The Review of Contemporary Fiction
Sahib, by Nenad Velickovic´reviewed by Ana Lucic
Nenad Velickovic´. Sahib. Stubovi Kulture, Serbia, 2002. 176 pp. €5.00.
A young Englishman comes to postwar Bosnia, which lingers between “a preserve and a colony,” to work on the implementation of Western principles and policies. Travel to another country and meeting with a new culture, as we have seen in E. M. Forster’s Passage to India and Room with a View, rarely goes without at least a slight transformation of the newcomer. The young and nameless Englishman is no exception. The Englishman’s e-mails to his male lover back in England unfold before our eyes, showing us the rigidity, stereotypes, and ideology in which we are all immersed when trying to understand the Other. At the end of the book, there is a translator’s note telling us that the e-mail messages are a documentary thing, not invented stuff. What we were hoping was a deliberate exaggeration (the preposterous, arrogant, and ignorant nature of the Englishman) on the part of the writer turns out to be a translation of real e-mail messages, with only the names of the protagonists changed.
The meeting of the Orient with the Occident serves as a good source for all sorts of humorous situations, misunderstandings, and witticisms, with which Velickovic´’s book abounds. Yet what Velickovic´ seems to be concentrating on most is showing us how the encounter with the new culture is always a meeting with the Other, something inevitably inferior, lower than the subject itself. Sahib, at times, becomes a Swiftian satire, having as its main target the colonizing policies behind the rhetoric of liberating and democratizing nations. However, Velickovic´ is far from idealizing the state of affairs in prewar Bosnia. His satire is also directed at the contradictions and shortcomings of the previous socialist and communist regimes. What foreign organizations in Bosnia seem to be mostly preoccupied with is finding techniques to dissuade young people from immigrating to Western countries, or, in other words, preventing the “weeds” from Bosnia from implementing themselves on Western soil.

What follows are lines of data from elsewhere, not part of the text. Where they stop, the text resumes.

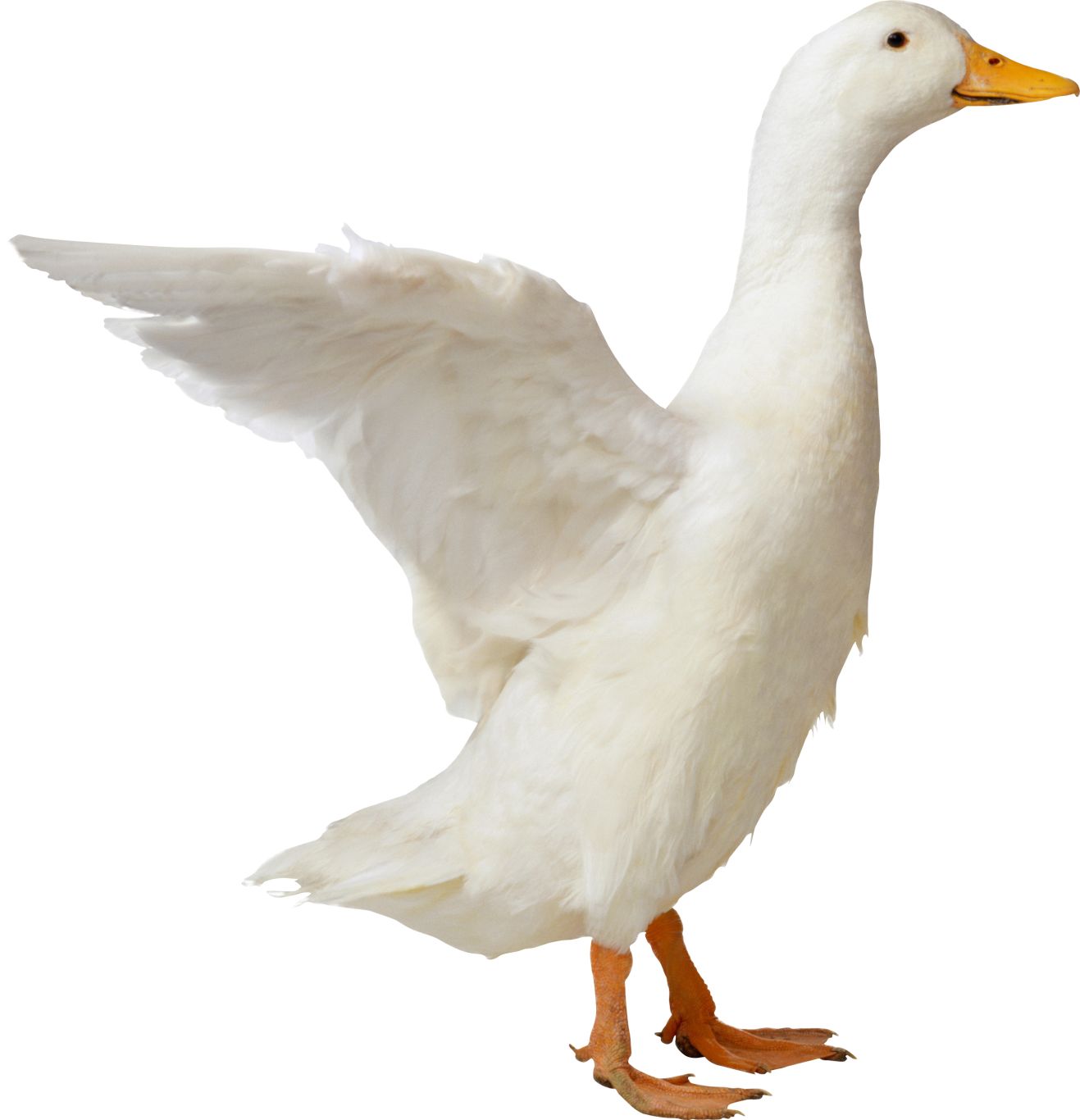 Duck PNG image    图片编号:5016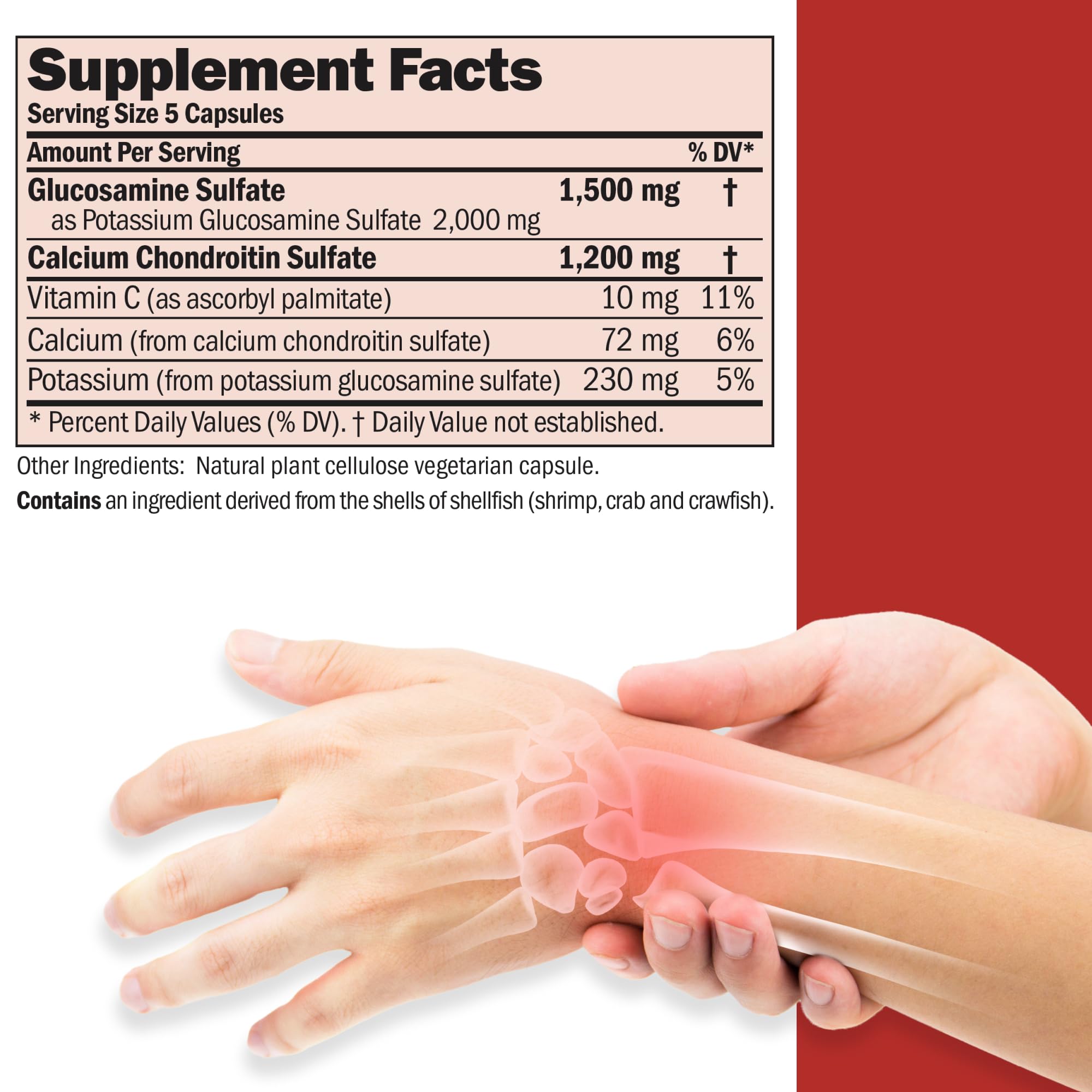 ANDREW LESSMAN Chondroitin Capsules side view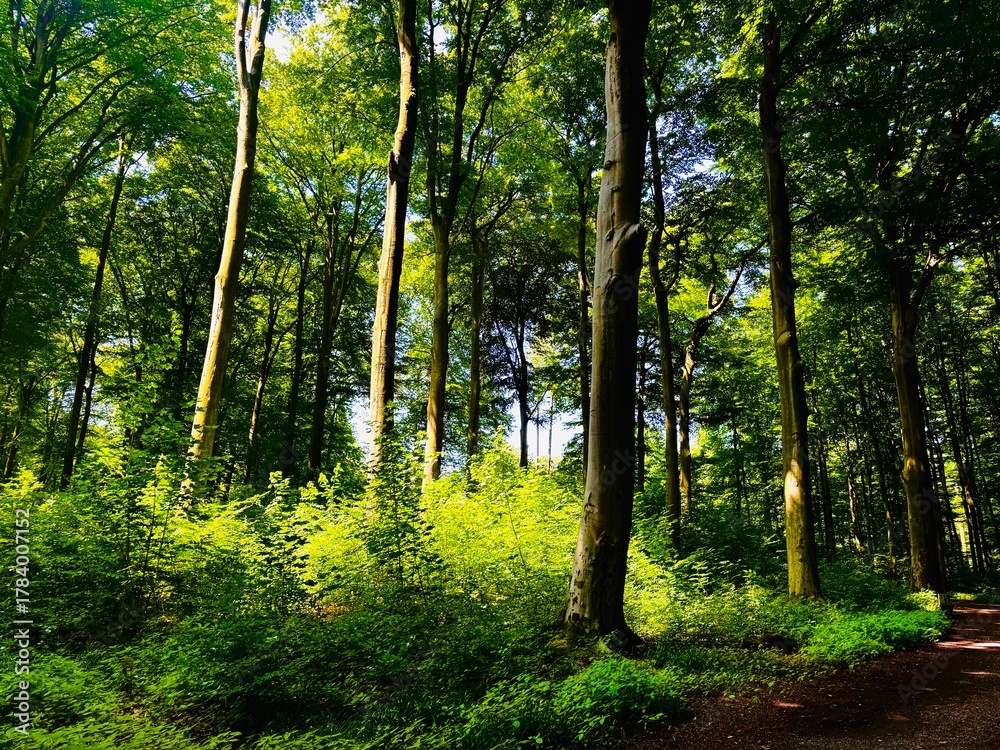 Obraz premium Sunlight Through Green Forest Trees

Foreign organizations are creating only the illusion that they are doing something worthwhile for the war-ravaged society, while in reality they are busy creating surreal and impossible projects for the “country’s benefit.” The only product, says the main protagonist of Sahib (in one of his half-serious, half-joking musings), over which the developed countries of the world still do not have a monopoly and which Bosnia can produce, is blood. If Bosnia exported blood, this would probably turn out to be beneficial for both Bosnians and other, more developed countries.
Velickovic´’s book leaves us guessing what good comes out of today’s mingling of the nations and what great migrations of populations bring when our efforts to perceive and experience foreign culture as anything besides simply the Other are hindered and thwarted in advance by the limits of our own subjectivity. In an age “when dollars can shut up every mouth,” even bitter satire does not have the effect it once had.